Sie kommen in der Nacht und auch gern gleich im Dutzend. Die Rüssel-Invasion hält Niemtsch, Schipkau und Großkoschen gleichermaßen in Atem. Inzwischen haben die Schweine für größere Schäden gesorgt. Auf der Suche nach Nahrung pflügen sie Straßenränder, Grünflächen, Gärten, Sportplätze und Spielplätze systematisch um. Wo die Rotten  wütend durchziehen, bleibt kein Stein auf dem anderen. „Wir können aber nicht alle öffentlichen Flächen abzäunen“, zeigt sich Schipkaus Bauamtschef  Martin Konzag hilflos gegenüber der diesjährig besonders heftigen Schweine-Invasion im Herbst.

Im Senftenberger Ortsteil Niemtsch macht sich inzwischen Unruhe breit. Die Schweine haben jedwede Scheu verloren und im jüngsten Fall auf einen Schlag gleich drei Gärten bis auf den letzten Grashalm in der Dorfstraße komplett umgepflügt. Was die Nachbarn um Günter Schurrmann (81) unruhig macht, ist der rätselhafte Zugang, den die Schweine offenbar zu ihren Grundstücken erschnüffelt haben. Denn nachdem es vor fünf, sechs Jahren schon einmal Schweine-Attacken im Dorf gab, hat die komplette Nachbarschaft aufgerüstet. Der Zaun ist doppelt. Vor den Metallzaun wurde zusätzlich ein Maschendrahtzaun gesetzt. Anderhalb Meter hoch und 30 Zentimeter in den Boden eingegraben. „Noch mehr können wir uns nicht verbarrikadieren“, bestätigt auch Nachbar Gert Eggert. Der Nachtschlaf der Dorfstraßen-Bewohner fällt derzeit daher recht unruhig aus. Denn die Schweine-Invasion kann jede Nacht erneut anrücken.

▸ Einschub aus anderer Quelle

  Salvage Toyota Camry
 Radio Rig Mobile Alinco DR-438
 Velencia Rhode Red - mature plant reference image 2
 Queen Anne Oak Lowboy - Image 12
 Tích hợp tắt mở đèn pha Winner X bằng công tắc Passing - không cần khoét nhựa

Harald Konczak, Leiter des 4500 Hektar großen Forstreviers Senftenberg, kennt das Problem. Jedes Jahr im Herbst futtern sich die Tiere für den bevorstehenden Winter eine Fettschicht an. Dafür verlassen die Wildschweine oft ihre gewohnten Gefilde im Wald und nähern sich Ortschaften und Gartenanlagen. „Auf der Suche nach Eiweiß durchkämmen die Wildschweine jede Grünfläche. Dabei ist es ihnen egal, ob es eine Böschung, ein Garten oder ein Spielplatz ist“, sagt Konczak. Die Tiere fressen so gut wie alles. Ganz oben auf ihrem Speiseplan stehen Würmer, Insekten und Maden.

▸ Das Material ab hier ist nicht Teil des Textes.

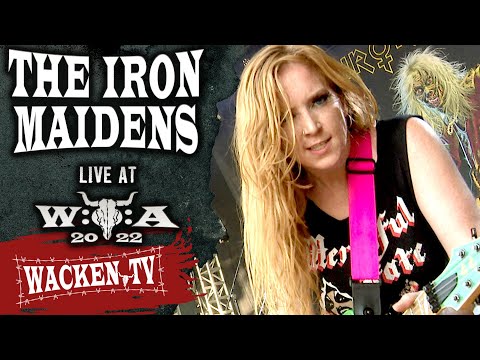 The Iron Maidens - Fear of the Dark - Live at Wacken Open Air 2022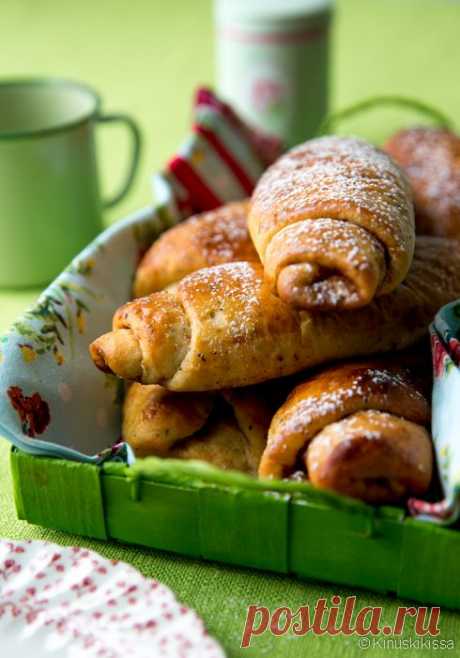 Kinuskikissan kanelirullat | Reseptit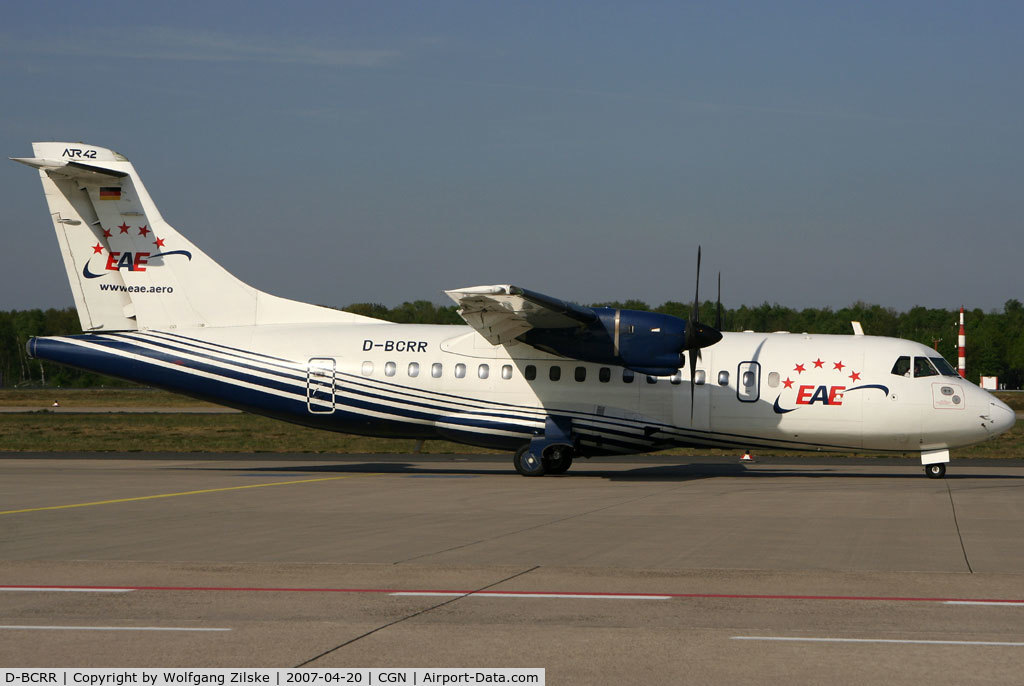 D-BCRR, 1991 ATR 42-300 C/N 255, visitor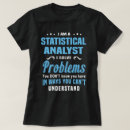 Recherche de statistiques tshirts Profession
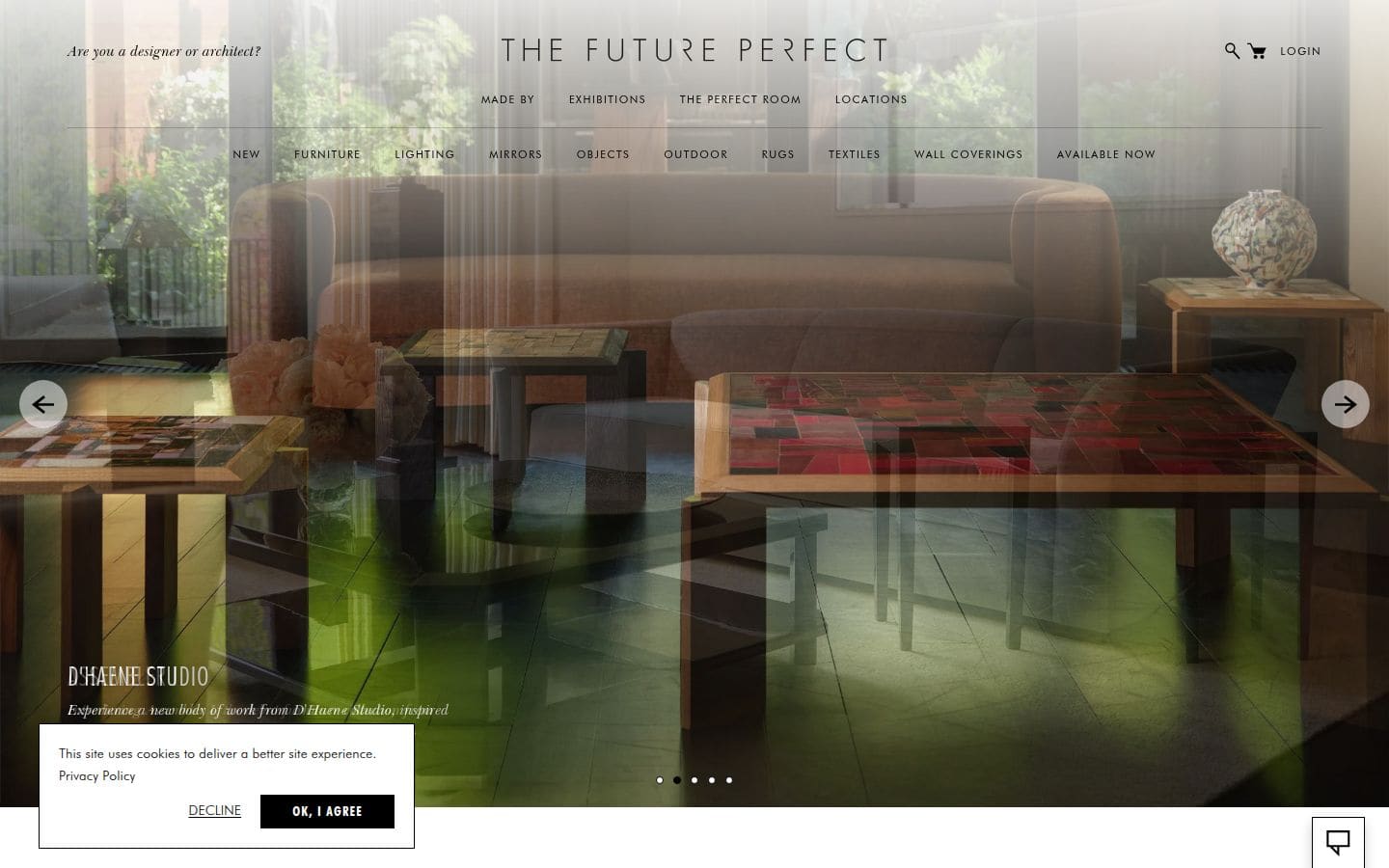 The Future Perfect PC表示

Der Dürre-Sommer hat das Problem in diesem Jahr verschärft. Das bisschen Regen im Oktober hat den Waldboden noch gar nicht richtig erreicht. Die Schadinsekten liegen deshalb zum Teil noch auf den Bäumen. Da haben die Schweine wenig zu fressen. Sie plündern vielmehr die feuchten Straßenränder und Gärten. „Wo wir die Schweine gern hätten - im Wald - sind sie nicht. Sie schauen, wo sie ihr Futter leichter finden können“, erklärt Konczak das Phänomen.

Dass der Wolf die Schweine von der Insel im See zur Ortslage Niemtsch treibt, hält der Fachmann für eine Legende. Auf der Insel ist bisher noch keine Wolfsspur gefunden worden. Und im Wald bei Niemtsch hat er in seinem gesamten Berufsleben erst ein einziges Mal einen Wolf gesichtet.

Bei der Rotten-Größe hat Isegrim aber wahrscheinlich tatsächlich seine Hand im Spiel. „Es ist eine Vermutung“, sagt Kon­czak. Statt der üblichen sechs  Wildsäue ziehen jetzt 20 durchs  Dorf. Die Schwarzkittel wollen sich damit vor dem Wolf schützen.

Die größer gewordenen Rotten halten seit Wochen auch Schipkau in Schach. Die Gemeinde hatte bereits die kommunal finanzierte Abschussprämie für Wildschweine auf zehn Euro verdoppelt. Bis zum Jahresende sind allein für das Schipkauer Umfeld vier Treibjagden angesetzt.

In Schipkau investiert der Bauhof aktuell viel Zeit, um die Schäden zu beseitigen. „Aber immer mit dem Risiko, dass es am nächsten Tag wieder ähnlich verwildert aussieht“, stellt Martin Konzag nüchtern fest.